Unless you’ve had a lot of bloodwork and other testing done, it’s unlikely that you would know how you’ve been impacted by its side effects, and even if the impact to you is ultimately very minimal, a treatment that didn’t have these risks would be far superior.

Any exogenous hormone treatment (or treatment that interferes with the metabolism of hormones) is going to affect the natural functionality of your body in ways you probably don’t want it to. They’re all very risky and dependency forming. It’s almost not really true that these risks are side effects either, they’re just the expected outcomes of the treatment.

2 comments

Finasteride does not suppress your natural testosterone production. Your free testosterone levels might actually be increased. As precursors are no longer converted into dihydrotestosterone but into testosterone...
I think you need to keep reading. Finasteride blocks the enzyme that converts testosterone to DHT, which initially raises your testosterone levels. Your body reacts to this by secreting less luteinizing hormone, which results in less testosterone production, and your test levels return pre-finasteride levels.
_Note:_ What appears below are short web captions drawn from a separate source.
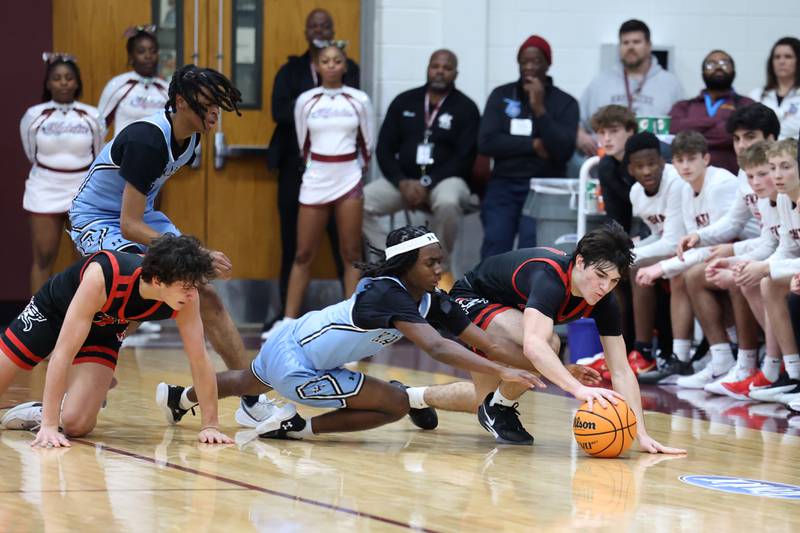 Kankakee's Cedric Terrell III dives for a loose ball against Lincoln-Way Central's Nolan Morrill during the Kays' 54-50 victory over Lincoln-Way Central in the 75th Kankakee Holiday Tournament maroon bracket championship on Sunday, Dec. 28, 2025.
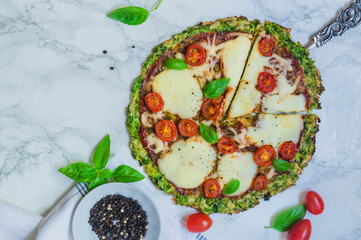broccoli pizza crust with cherry tomatoes and mozzarella cheese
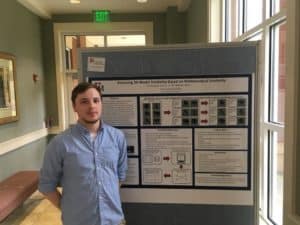 Sousa posed with his research board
This is the suppression of natural testosterone production, and is exactly the same reaction you’d get from directly taking exogenous testosterone. If you ever come off finasteride, your test levels will immediately drop, and may or may not ever return to normal. If you’ve been taking finasteride for a very long time, it would be unlikely for your testosterone levels to ever return to what they were pre-finasteride.
I see you added "which you’re not going to notice unless you ever stop taking it."
I didn't edit my comment if that's what you're saying...
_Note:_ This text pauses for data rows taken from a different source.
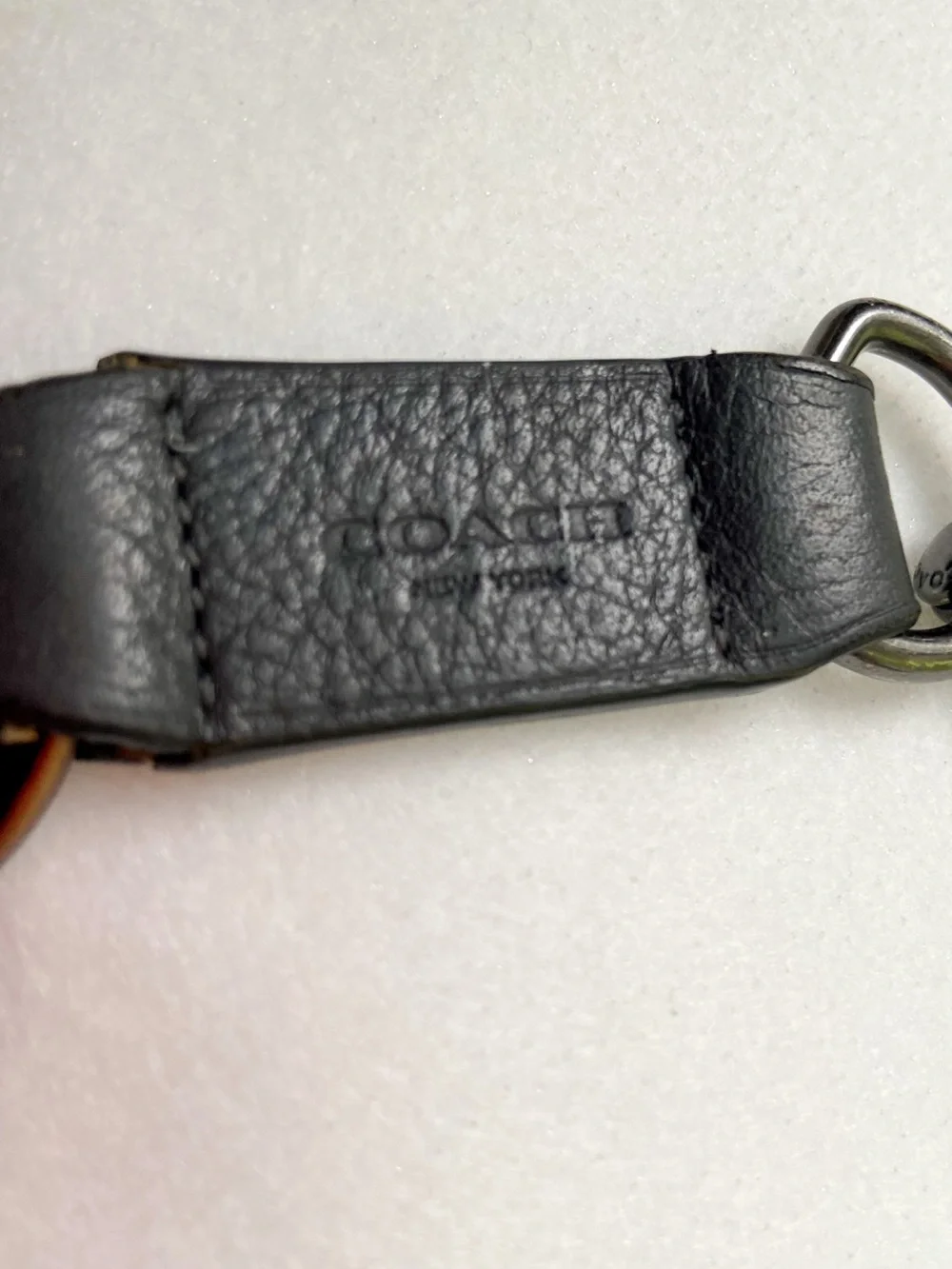 Coach trigger leather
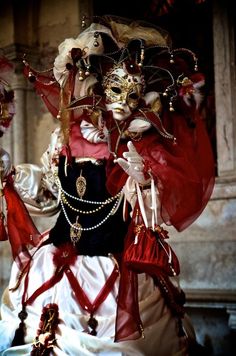 a woman dressed in red and white is posing for the camera with her mask on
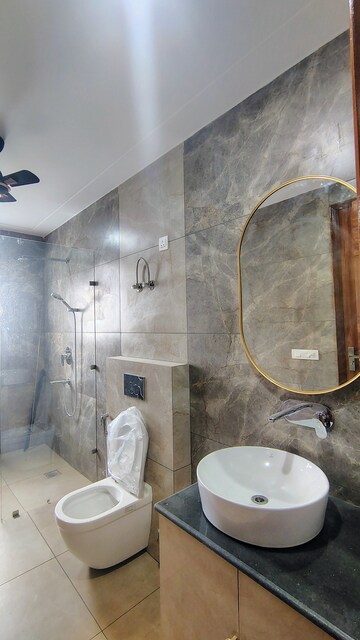 Bathroom in 3 BHK Builder Floor at Hong Kong Bazaar, Sector 57 – for Rent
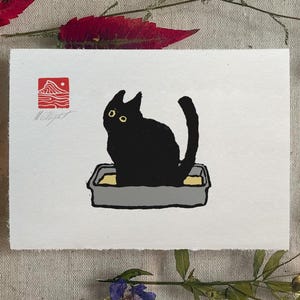 Puede incluir: Ilustración de un gato negro sentado en una caja de arena sobre un fondo blanco. El gato tiene ojos amarillos y está en una caja de arena gris con arena amarilla. La obra de arte tiene un sello rojo y el texto "MATEUSZOLBRYCHT".
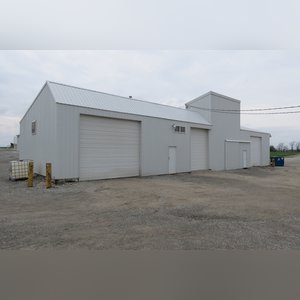 This 34â??x98â?? building includes a 34â??x45â?? shop area with overhead storage, concrete floor, Reznor natural-gas heating unit, 14â??x15â?? overhead door, and walk-in door. The remaining 34â??x53â?? area has a concrete floor, (3) 10.5â??x14â?? overhead doors, 9â?? slider, (2) walk-in doors, and 220 amp single-phase electric.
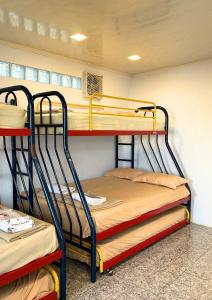 a room with two bunk beds in a dorm room at De Pointé Resort & Resto in Campaka
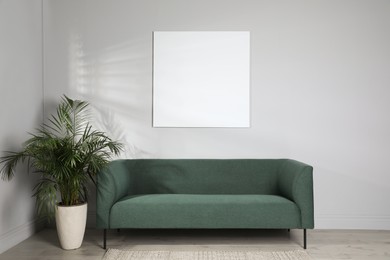 Living room interior with green sofa and blank canvas. Space for design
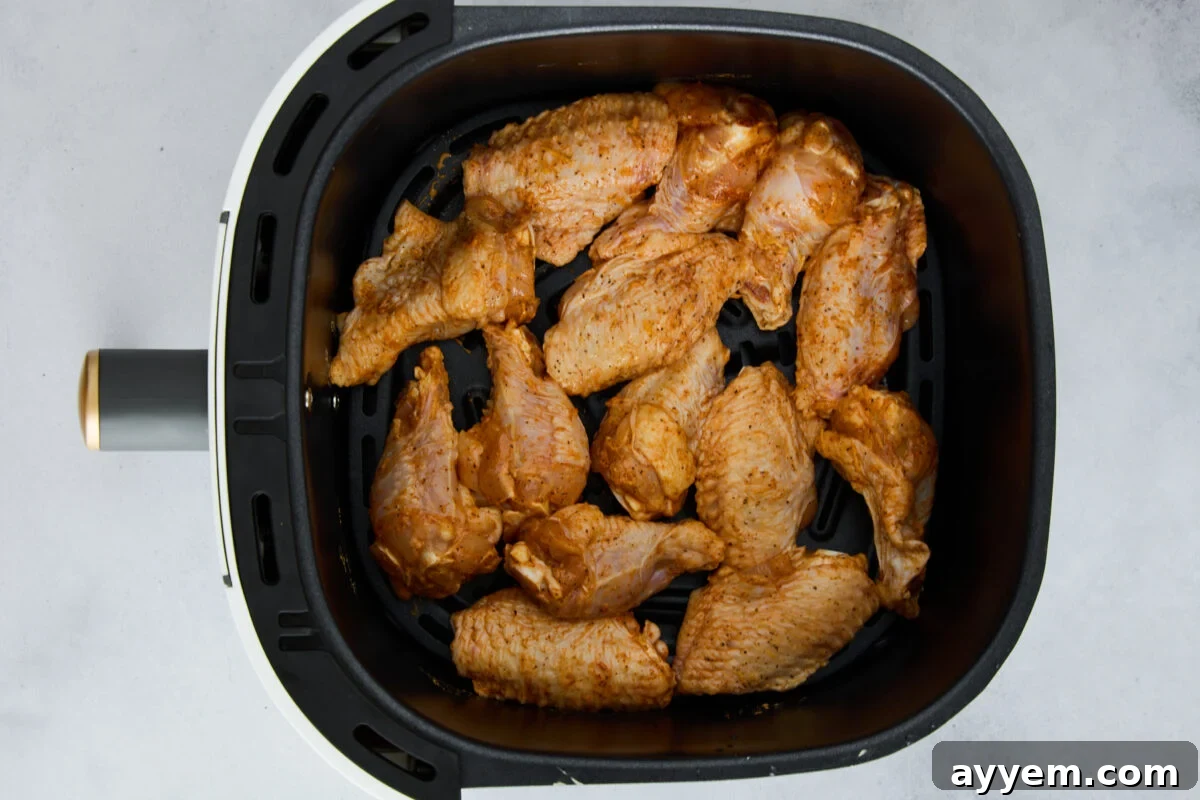 Raw chicken wings in an air fryer basket.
Taking moderate doses of steroids is also massively beneficial in many ways, with the worst of the side effects typically occurring if you stop taking them. But a lifelong dependency on a drug with a long list of adverse side effects is not a good thing, especially when ceasing treatment has its own long list of potential side effects.
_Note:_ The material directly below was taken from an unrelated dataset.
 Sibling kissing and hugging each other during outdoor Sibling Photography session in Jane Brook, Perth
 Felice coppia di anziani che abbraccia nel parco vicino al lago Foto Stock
Finasteride does suppress your natural testosterone production. If you intend to take it every day for the rest of your life, and are happy to gamble that you don’t get any of the other side effects, then maybe you’re happy taking that risk. But this is clearly not an ideal treatment, and I suspect most people who are prescribed it aren’t properly informed about these risks.

I fully agree with the risk factor, I was even on it for some time and discontinued the use because of the risks involved. But the risks were (to my limited understanding) less associated with testosterone, but rather the decrease in dht. And the potential effect that it has on your sexual life
Yes, you're right about that. I'm just trying to note that there is no guarantee that ceasing treatment would reverse those side effects (if you happened to have them), or that it wouldn't create other also-bad side effects.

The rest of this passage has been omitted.